To do:
The reply to the records below should contain exactly the lines from the line with "Bronx & Banco Off-The-Shoulder Long Dress" through the line with "Nello stato di", and nothing besides.

Task data:
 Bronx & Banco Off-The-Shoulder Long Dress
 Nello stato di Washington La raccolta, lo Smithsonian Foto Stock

* * *

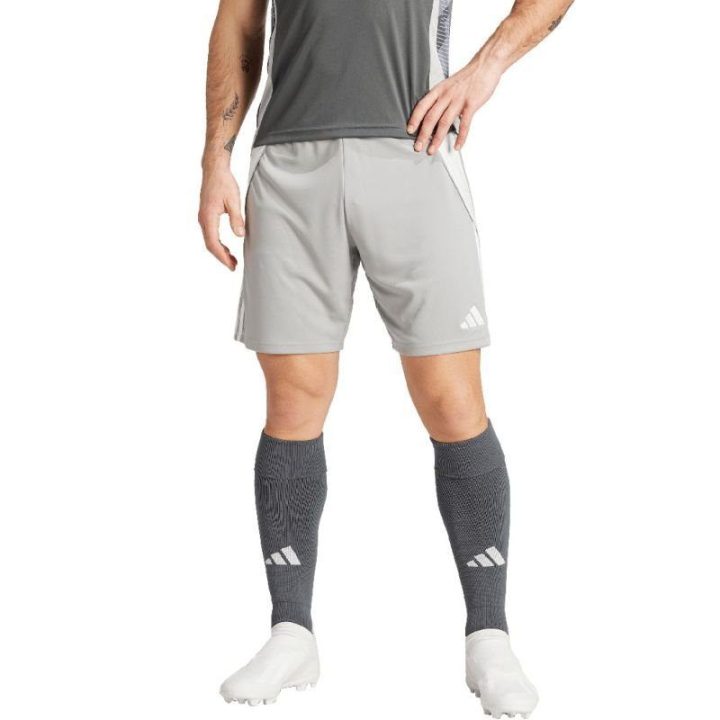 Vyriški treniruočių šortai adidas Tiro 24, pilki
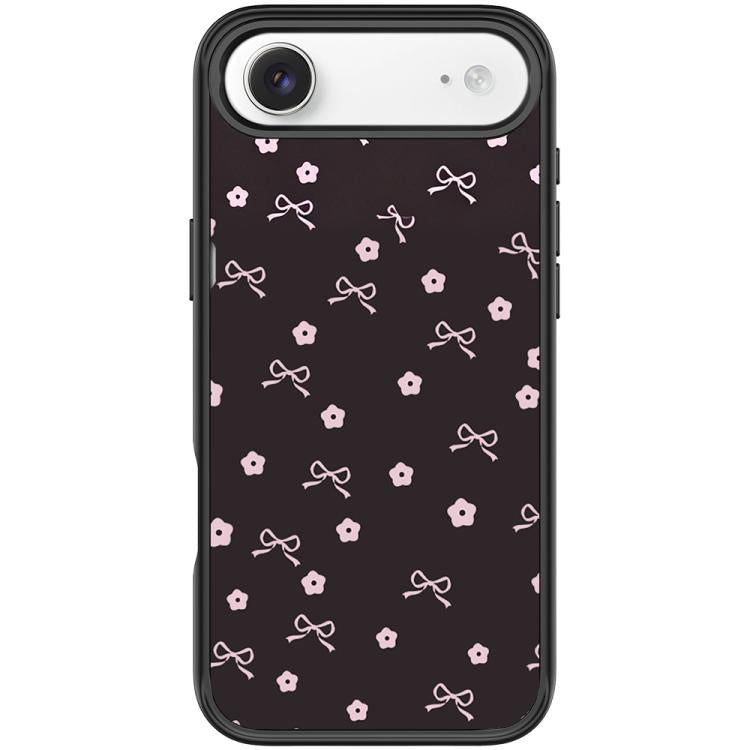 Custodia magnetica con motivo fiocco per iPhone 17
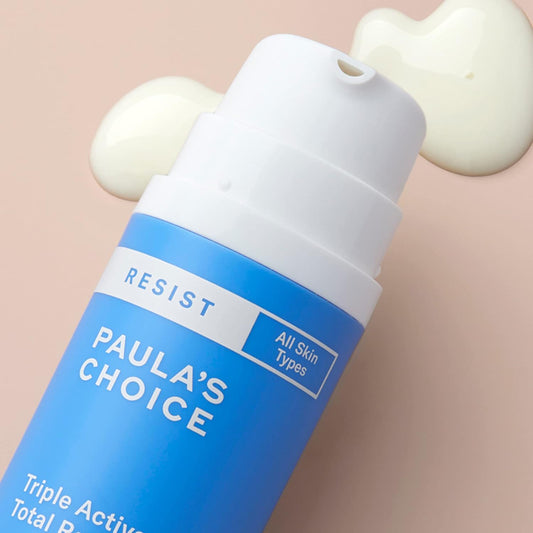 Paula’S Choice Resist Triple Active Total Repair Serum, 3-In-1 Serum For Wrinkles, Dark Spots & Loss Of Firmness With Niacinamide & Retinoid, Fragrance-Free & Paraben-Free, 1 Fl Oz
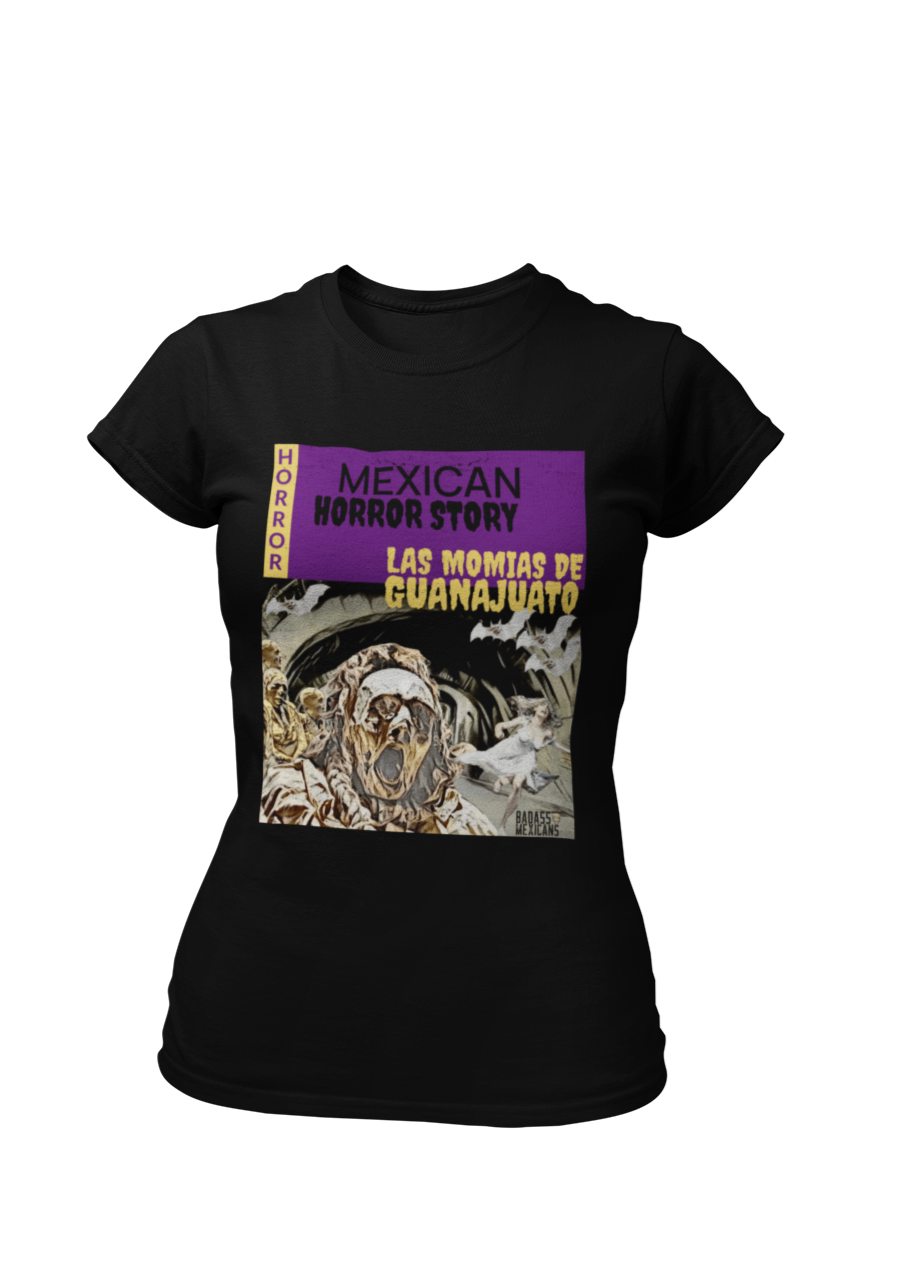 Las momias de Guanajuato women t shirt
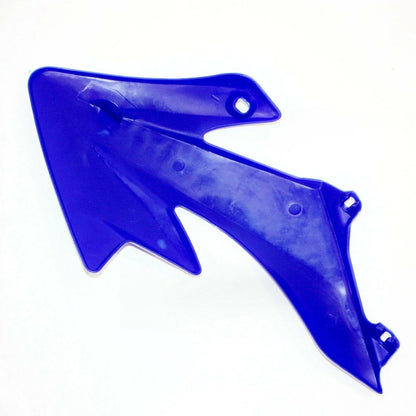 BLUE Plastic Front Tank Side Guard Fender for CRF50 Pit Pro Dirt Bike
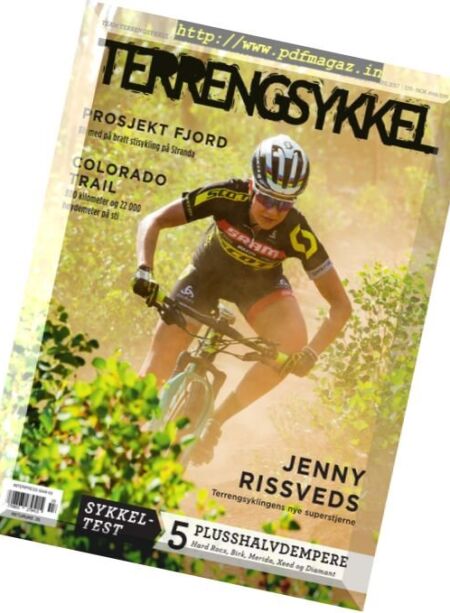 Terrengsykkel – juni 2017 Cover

Response:
 Bronx & Banco Off-The-Shoulder Long Dress
 Nello stato di Washington La raccolta, lo Smithsonian Foto Stock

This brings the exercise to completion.